I'll just add some additional comments about causality as viewed from an epidemiological perspective. Most of these arguments are taken from Practical Psychiatric Epidemiology, by Prince et al. (2003).
Causation, or causality interpretation, are by far the most difficult aspects of epidemiological research. Cohort and cross-sectional studies might both lead to confoundig effects for example. Quoting S. Menard (Longitudinal Research, Sage University Paper 76, 1991), H.B. Asher in Causal Modeling (Sage, 1976) initially proposed the following set of criteria to be fulfilled:
- The phenomena or variables in question must covary, as indicated for example by differences between experimental and control groups or by nonzero correlation between the two variables.

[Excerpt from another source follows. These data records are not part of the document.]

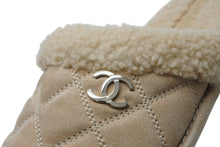 Load image into Gallery viewer, 新品未使用 CHANEL シャネル スリッパ サンダル ココマーク マトラッセ ボア スリッパ ルームシューズ G45121 ベージュ サイズ37 中古 4b011146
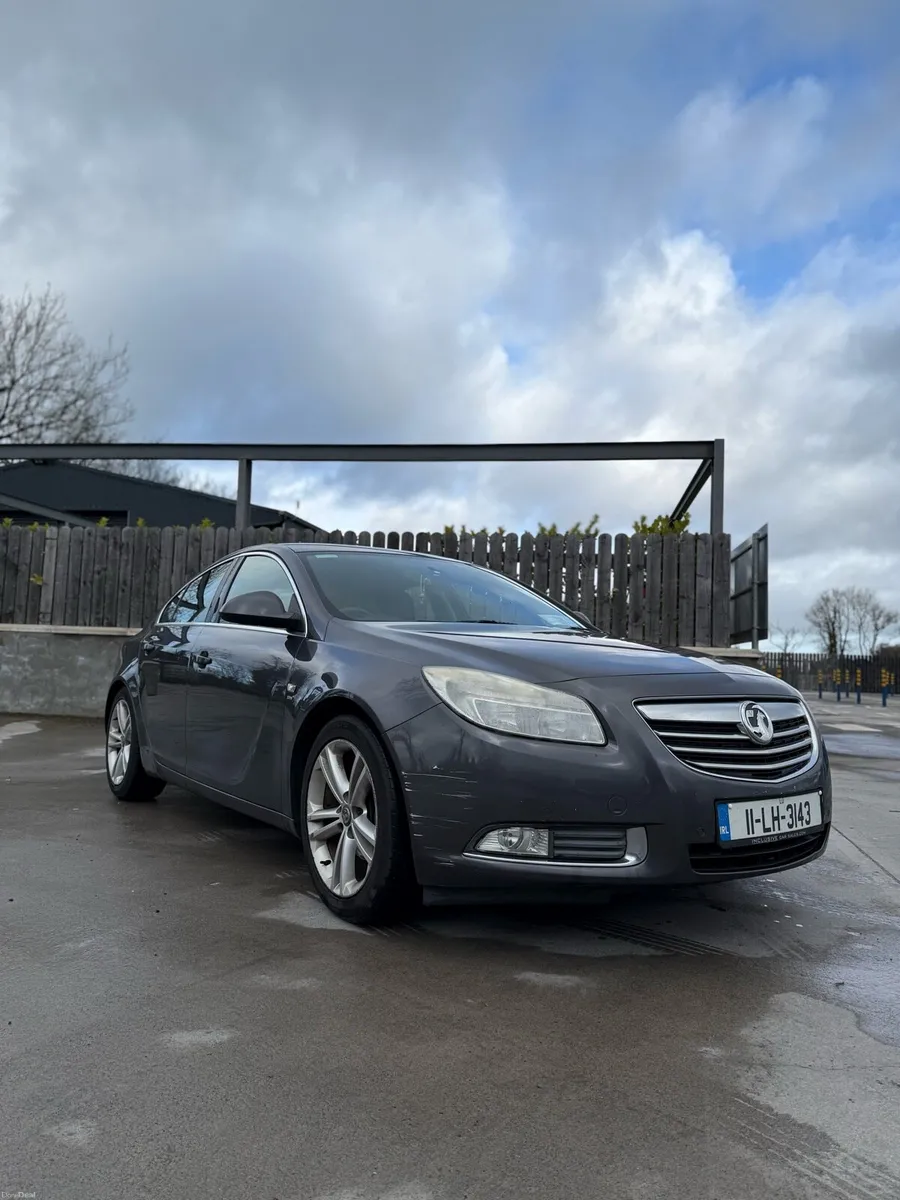 Vauxhall Insignia 2011 - Image 2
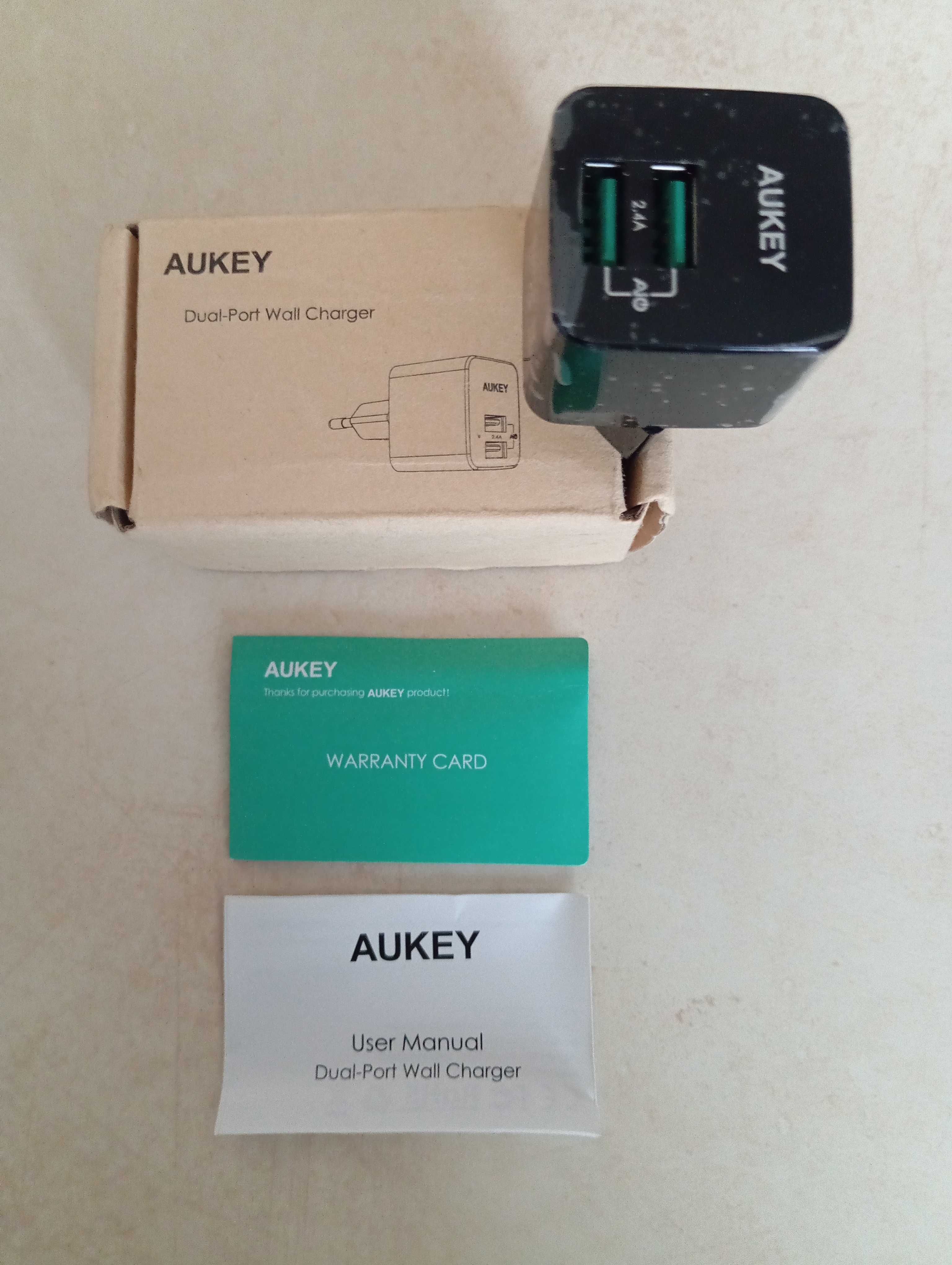 Зарядний Пристрій Aukey PA-U32 на 2 USB порти. Універсальна Зарядка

- The relationship must not be attributable to any other variable or set of variables, i.e., it must not be spurious, but must persist even when other variables are controlled, as indicated for example by successful randomization in an experimental design (no difference between experimental and control groups prior to treatment) or by a nonzero partial correlation between two variables with other variable held constant.
- The supposed cause must precede or be simultnaeous with the supposed effect in time, as indicated by the change in the cause occuring no later than the associated change in the effect.
While the first two criteria can easily be checked using a cross-sectional or time-ordered cross-sectional study, the latter can only be assessed with longitudinal data, except for biological or genetic characteristics for which temporal order can be assume without longitudinal data. Of course, the situation becomes more complex in case of a non-recursive causal relationship.
I also like the following illustration (Chapter 13, in the aforementioned reference) which summarizes the approach promulgated by Hill (1965) which includes 9 different criteria related to causation effect, as also cited by @James. The original article was indeed entitled "The environment and disease: association or causation?" (PDF version).
Finally, Chapter 2 of Rothman's most famous book, Modern Epidemiology (1998, Lippincott Williams & Wilkins, 2nd Edition), offers a very complete discussion around causation and causal inference, both from a statistical and philosophical perspective.
I'd like to add the following references (roughly taken from an online course in epidemiology) are also very interesting:
- Swaen, G and van Amelsvoort, L (2009). A weight of evidence approach to causal inference. Journal of Clinical Epidemiology, 62, 270-277.
- Botti, C, Comba, P, Forastiere, F, and Settimi, L (1996). Causal inference in environmental epidemiology. the role of implicit values. The Science of the Total Environment, 184, 97-101.
- Weed, DL (2002). Environmental epidemiology. Basics and proof of cause effect. Toxicology, 181-182, 399-403.
- Franco, EL, Correa, P, Santella, RM, Wu, X, Goodman, SN, and Petersen, GM (2004). Role and limitations of epidemiology in establishing a causal association. Seminars in Cancer Biology, 14, 413–426.
Finally, this review offers a larger perspective on causal modeling, Causal inference in statistics: An overview (J Pearl, SS 2009 (3)).